The primary, Iraq's first since the U.S.-led invasion in 2003, was open to non-party members. More than 670 people, including 83 women, competed to fill more than 50 candidates' slots in January parliamentary elections.
An election song, "I am Sadrist, and I vote for a Sadrist," blared through loudspeakers outside a Shiite mosque in west Baghdad's al-Bayaa neighborhood, one of 118 voting centers in the Iraqi capital.
Sadrist officials claimed that more than 1.5 million people voted during the nine hours the polls were open. Sadrist spokesman Salah al-Obaidi said on Wednesday that 250,000, less than 17 percent of that number, had registered as of that day.

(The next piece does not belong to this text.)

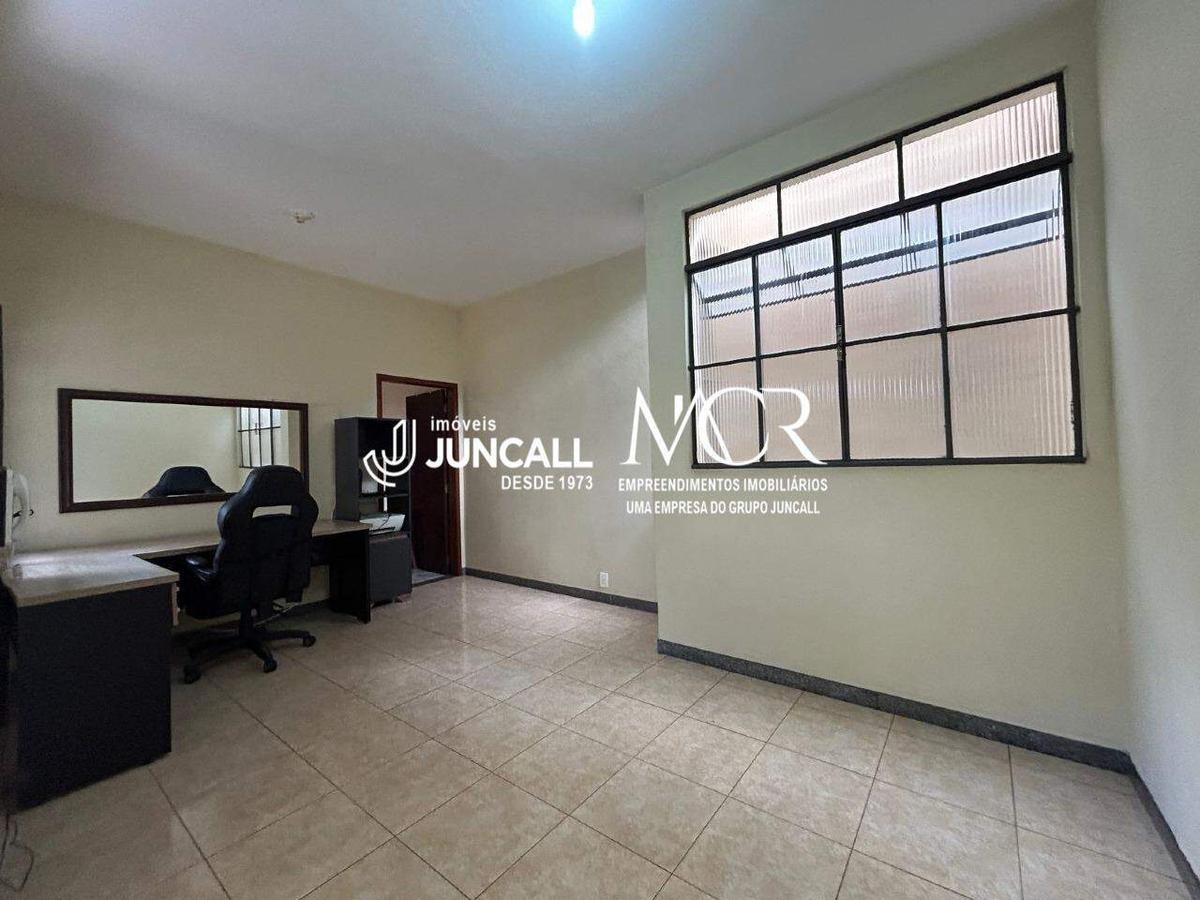 Casa, Concórdia, 5 Quartos, 2 Vagas, 1 Suíte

"I believe this step will restore to our Sadr trend its previous popular support that declined a little in the last provincial council elections early this year," said shoe vendor Qassim Hashim as he washed the ink off his index finger that signified he'd voted. The ink was supposed to be indelible.
The Sadrist movement and other Shiite parties lost most of their support in Shiite provinces in southern and central Iraq to Prime Minister Nouri al-Maliki in the provincial election held in January after many Iraqis concluded that they'd failed to deliver public services and provoked sectarian conflict.
In a statement posted on his movement's official Web site, al-Sadr described the primary elections as "a first step to liberate Iraq politically." Although Sadrists claimed that Iraq's Independent High Election Commission was supervising the balloting, there were ample opportunities for widespread irregularities, and one independent monitor expressed strong doubt about the integrity of the vote.
Although the voting age in Iraq is 18, the Sadrists allowed those as young as 15 to cast ballots. Many polling stations in Baghdad ran out of ballots and had to send for more.
Sadrist spokesman al-Obaidi had said voters were being registered in advance, but McClatchy reporters observed people in at least four polling places obtaining ballots without reference to a voters' list.
Muhamed Naeem al-Kinani, the head of Iraqein, an independent election-monitoring group, said the voting Friday wouldn't satisfy international election criteria.
Police and army patrols protected the streets leading to the mosques and buildings that were being used as polling stations.
Not all who participated in the primaries were Sadrists, nor were all the candidates.
"I don't belong to any party or trend, but I'm here because I'm a Muslim Iraqi, and this practice deserves respect," said Fadhil Yasir, an agricultural engineer from Sadr City. "We are here to support this democratic step."
Political analyst Hazim al-Nuaimi said Sadr party politicians approached him and others several months ago to ask for advice about the position and the political future of the Sadr trend.
"The popularity of the Sadr trend declined after they abandoned the Mahdi army (militia), and this was obvious in the last provincial elections," said al- Nuaimi, referring to the January election.
Hussein and Dulaimy are McClatchy special correspondents.